Look, as a person, Freeh was great, and a lot of the book (too much) is about the days before he became director when he was terrific as an agent, a prosecutor, and a judge. But it turned out that Louis Freeh, for all the fine things he did for the Bureau, was the wrong man at the wrong time to be FBI director. Clinton was president of the United States, and to paraphrase LBJ, Clinton was the only president Freeh had, whether Freeh liked it or not. For the good of the FBI and the good of the country, to say nothing of the good of the president, Freeh had to work with Clinton. If he found it violated his principles to do so, he should have resigned. He explains that if he had, “quite frankly, I was worried about whom he might appoint as my successor, even on a temporary basis.” But if he resigned, Freeh would have been in a strong position to stop Clinton if he had tried to appoint someone unsuitable.

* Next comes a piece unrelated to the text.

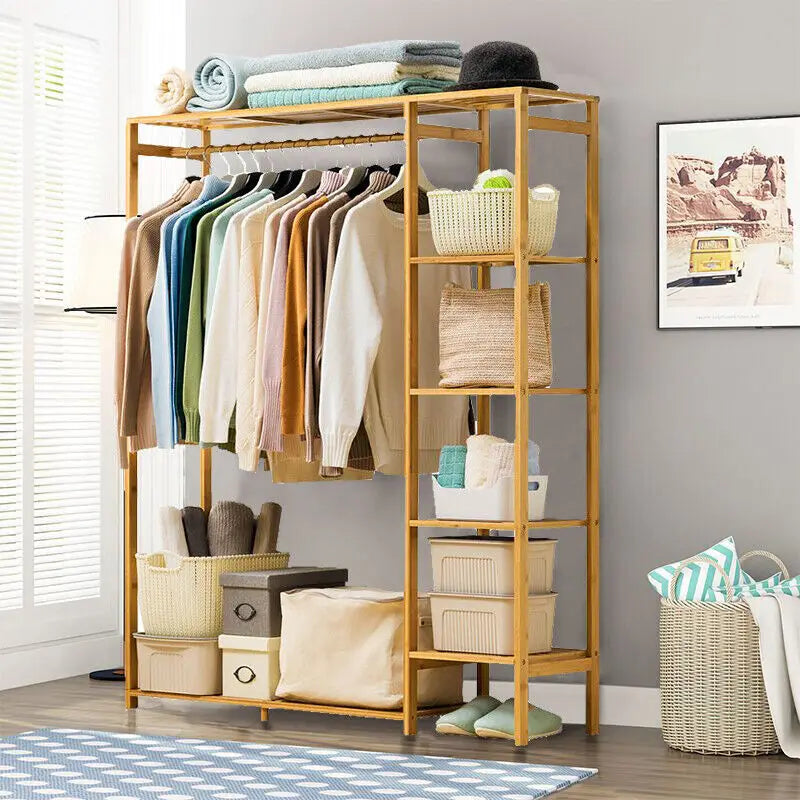 Bamboo Wood Clothing Rack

What we expect from Freeh’s memoir is an explanation of what went wrong and kept the FBI from stopping the attacks. We don’t get it. Freeh goes over the pre-9/11 events, and, while he concedes that if the Bureau had handled its leads better “then perhaps 9/11 never would have happened, or would have happened at a lesser scale,” he still doesn’t explain why the FBI failed.
Freeh liked to say that the Bureau was and always would be reactive, not proactive. As an American law enforcement agency, it would always obey the Constitution.
Fine and good. But under Freeh the Bureau saw its job fighting terrorism as gathering evidence after a crime and bringing the guilty to justice. After 9/11, it seems evident to everyone, but not to Freeh, that the FBI should have been proactive. The Bureau’s success in bringing terrorists to justice after the fact wasn’t good enough. The point was to stop those attacks from happening.
Freeh knew how to do that. He was the expert in the enterprise approach to organized crime that–in large part through his efforts–had taken down the Mafia. What was needed was the same task-force approach using foreign and domestic security agencies to understand, locate, and uproot the al Qaeda conspiracy. Freeh–and this is his most important legacy as director–had built up terrific relationships with foreign security agencies, and so he had the weapons he needed for effective intelligence against terror, overseas at least. Freeh writes that relationships between the FBI and the CIA were just fine on his watch. They were not. Walls between intelligence gathering and criminal investigations had been thrown up over the years in the Bureau and became thicker under Janet Reno and Jamie Gorelick without protest from Freeh. By the time Freeh left, there might be two agent teams working on a terrorism case–a “clean” team working the criminal side, a “dirty” team digging up intelligence–and the two couldn’t share files, couldn’t even talk to each other.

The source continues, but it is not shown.